Malicious actors know that journalists must try to balance the public’s wish and need to know, against any impulse to leave harmful views to lie quietly in the gutter. They know that news organisations are driven to act fast and maximise clicks. They easily and consciously manipulate this.
A hallmark of quality journalism in the digital age is that it is socially responsible. It goes beyond responsive reports and considers the real-world impact of what and how topics are represented. It monitors, analyses and evaluates its output. It is wise to attempts at manipulation by bad actors.
Most of the titles I examined included a range of perspectives on Casey’s anti-Traveller comments, from republishing them, to seeking out and including Travellers’ responses to them.

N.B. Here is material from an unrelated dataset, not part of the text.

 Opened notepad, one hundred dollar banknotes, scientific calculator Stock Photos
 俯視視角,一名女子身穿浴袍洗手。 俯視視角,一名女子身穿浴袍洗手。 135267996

However, in all these cases, Casey’s views were central to the discussion, and he was allowed to create a debate that framed people as a problem because of their ethnicity. The discourse largely moved away from the issues and missions of most of the candidates.
But were Casey’s comments the most newsworthy issue during the campaign? Was the conversation worthwhile? And who did it damage or benefit?
Editors in newsrooms decided to direct resources to cover Casey, his attacks on Travellers, and others’ responses to those. It was necessary to cover this, but the amount of attention editors decided to give to it, and to this single candidate is questionable.
As seen in the United States, United Kingdom and elsewhere, malicious or misinformed actors can derail election coverage, capitalising on overwhelmed, understaffed, under-pressure newsrooms, and the impetus to go for “big-click” issues, to get their narratives platformed.
The problem of harmful discourse about minorities is a social problem, and not just a media problem. But these interact. Representing opinions legitimises them. Other malicious actors piggyback off that.
To avoid this in future elections, referendums and in general, newsrooms need to reevaluate their approach. They need to learn from what has happened in other news markets, and better prepare for the future.